Dr de Marco had good news to report when he spoke in Parliament last week after moving the estimates of the Malta Tourism Authority. Hotels were nearing the break-even ratio. Over the past 19 months the tourism industry was making constant progress. Growth in the first four months of this year stood at 15 per cent. The 1.24 million tourists who visited Malta last year spent €1.58 billion, or six per cent more than in the previous year. And the return on investment was unprecedented: tourists spent over €81.53 (Lm35) for every €2.33 (Lm1) invested.

These positive trends were also reflected in the regular BOV-MHRA survey and, again, in data issued by the National Statistics Office on Friday.

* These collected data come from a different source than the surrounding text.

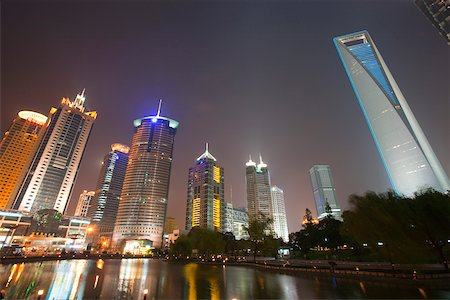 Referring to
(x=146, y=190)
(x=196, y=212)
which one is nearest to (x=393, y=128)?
(x=196, y=212)

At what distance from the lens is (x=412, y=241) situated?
2419 cm

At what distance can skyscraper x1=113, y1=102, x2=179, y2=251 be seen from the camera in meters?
152

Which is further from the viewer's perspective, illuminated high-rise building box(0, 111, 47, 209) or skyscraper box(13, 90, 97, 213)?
illuminated high-rise building box(0, 111, 47, 209)

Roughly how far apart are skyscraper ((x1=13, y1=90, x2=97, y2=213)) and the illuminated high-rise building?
298 inches

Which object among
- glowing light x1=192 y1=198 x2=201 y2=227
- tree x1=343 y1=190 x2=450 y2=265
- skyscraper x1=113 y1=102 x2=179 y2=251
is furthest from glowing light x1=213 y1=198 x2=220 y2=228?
tree x1=343 y1=190 x2=450 y2=265

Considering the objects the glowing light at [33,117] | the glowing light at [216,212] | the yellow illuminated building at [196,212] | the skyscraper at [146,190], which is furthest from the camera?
the yellow illuminated building at [196,212]

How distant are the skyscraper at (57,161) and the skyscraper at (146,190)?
35.8 metres

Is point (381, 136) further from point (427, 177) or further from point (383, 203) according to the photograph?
point (383, 203)

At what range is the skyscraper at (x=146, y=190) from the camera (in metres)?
152

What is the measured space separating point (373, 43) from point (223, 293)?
192 meters

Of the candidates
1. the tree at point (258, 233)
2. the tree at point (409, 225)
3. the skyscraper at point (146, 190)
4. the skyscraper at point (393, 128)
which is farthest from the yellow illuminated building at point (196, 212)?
the tree at point (409, 225)

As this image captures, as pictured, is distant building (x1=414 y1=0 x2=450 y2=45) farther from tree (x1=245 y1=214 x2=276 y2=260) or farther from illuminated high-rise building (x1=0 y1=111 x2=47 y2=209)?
illuminated high-rise building (x1=0 y1=111 x2=47 y2=209)

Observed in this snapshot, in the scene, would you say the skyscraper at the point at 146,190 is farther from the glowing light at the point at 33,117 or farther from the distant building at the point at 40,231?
the glowing light at the point at 33,117

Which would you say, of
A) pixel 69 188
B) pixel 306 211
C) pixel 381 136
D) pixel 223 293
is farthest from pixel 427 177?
pixel 69 188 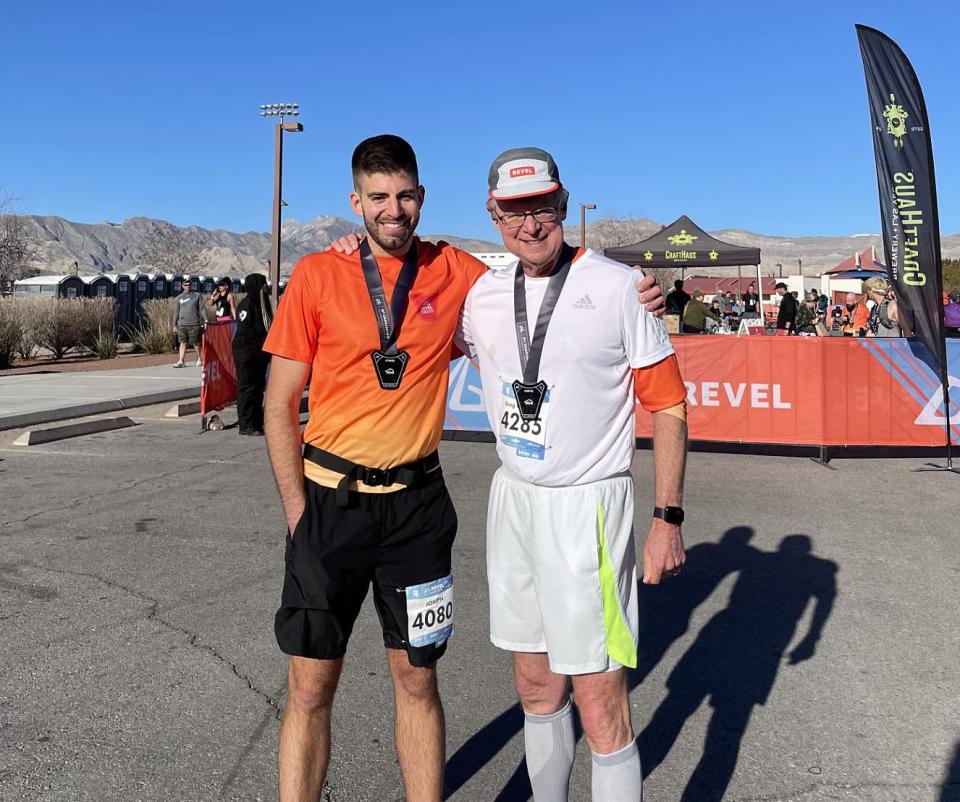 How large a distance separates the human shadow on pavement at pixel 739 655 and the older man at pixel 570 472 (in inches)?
31.5

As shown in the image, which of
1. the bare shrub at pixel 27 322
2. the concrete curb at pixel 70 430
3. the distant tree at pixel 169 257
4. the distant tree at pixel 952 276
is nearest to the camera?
the concrete curb at pixel 70 430

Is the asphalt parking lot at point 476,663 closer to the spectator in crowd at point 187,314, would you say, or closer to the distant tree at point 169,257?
the spectator in crowd at point 187,314

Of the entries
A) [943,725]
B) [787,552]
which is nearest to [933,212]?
[787,552]

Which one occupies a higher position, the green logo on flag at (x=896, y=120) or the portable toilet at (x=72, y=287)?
the green logo on flag at (x=896, y=120)

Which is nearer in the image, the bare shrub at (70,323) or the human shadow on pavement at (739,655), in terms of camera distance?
the human shadow on pavement at (739,655)

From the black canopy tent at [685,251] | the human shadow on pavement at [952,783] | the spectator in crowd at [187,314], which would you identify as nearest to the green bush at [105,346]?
the spectator in crowd at [187,314]

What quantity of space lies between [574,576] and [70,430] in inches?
412

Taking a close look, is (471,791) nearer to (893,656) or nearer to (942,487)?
(893,656)

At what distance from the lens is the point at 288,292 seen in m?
2.88

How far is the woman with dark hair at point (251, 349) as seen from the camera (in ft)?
37.2

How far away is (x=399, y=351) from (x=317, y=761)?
1220 mm

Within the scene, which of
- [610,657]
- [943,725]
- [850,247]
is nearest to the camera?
[610,657]

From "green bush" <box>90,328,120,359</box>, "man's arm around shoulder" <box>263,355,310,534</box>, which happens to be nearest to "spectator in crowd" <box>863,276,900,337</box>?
"man's arm around shoulder" <box>263,355,310,534</box>

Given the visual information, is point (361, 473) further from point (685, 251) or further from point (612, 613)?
point (685, 251) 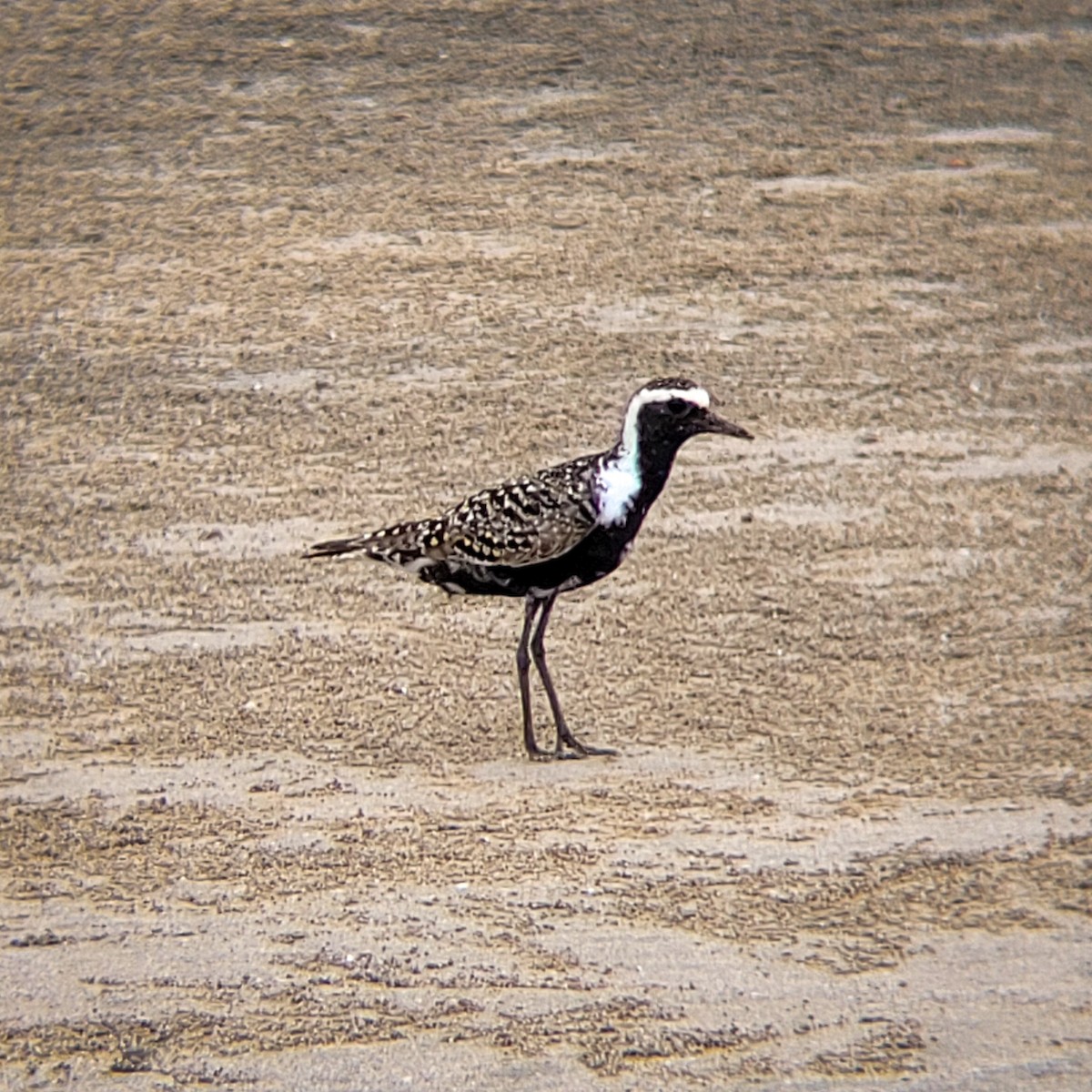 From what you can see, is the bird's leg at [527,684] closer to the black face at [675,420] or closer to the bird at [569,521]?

Against this background, it was somewhat perplexing to hear the president of the Malta Hotels and Restaurants Association pour cold water on the positive results emanating from the BOV-MHRA survey. Of course, it is always wise to be cautious when dealing with an industry as volatile as tourism. But credit, and encouragement, must be given where due especially when one bears in mind the poor performance of the industry just a few months back, the rising fuel and food prices and the economic crunch that is affecting a number of countries, including some that are among Malta's main tourism markets.

The positive performance did not come about just by luck. True, low-cost carriers have contributed to boosting the number of arrivals. But they could have had serious repercussions on the national carrier had the company not resolved to turn a challenge into an opportunity. Indeed, Dr de Marco told Parliament that Air Malta managed to increase the number of passengers it carried by 45.8 per cent.

Air Malta is evidently looking at avenues that will give it exposure, muscle and, thus, guarantee more filling of seats. Take its recent agreement with Turkish Airlines which gives it the potential of 140 destinations as of this summer. Turkish Airlines is a member of the huge Star Alliance, as indeed is Lufthansa with which Air Malta also works very closely. Air Malta is putting its money where its mouth is.

And that too is what the country must do. As Dr de Marco had occasion to point out lately, the key to future success in tourism is competitiveness. Product Malta must sell and to sell - it bears repeating - it must have the right ingredients, be effectively marketed and then retain standards throughout, including good value for money. Alas, prices and product still leave a lot to be desired.

It is on these areas that Dr de Marco is known to be focusing and he deserves all the help he can get, mainly from stakeholders but also from all the inhabitants of this tiny island.

There is no need to continue considering Malta as the Mediterranean's best-kept secret.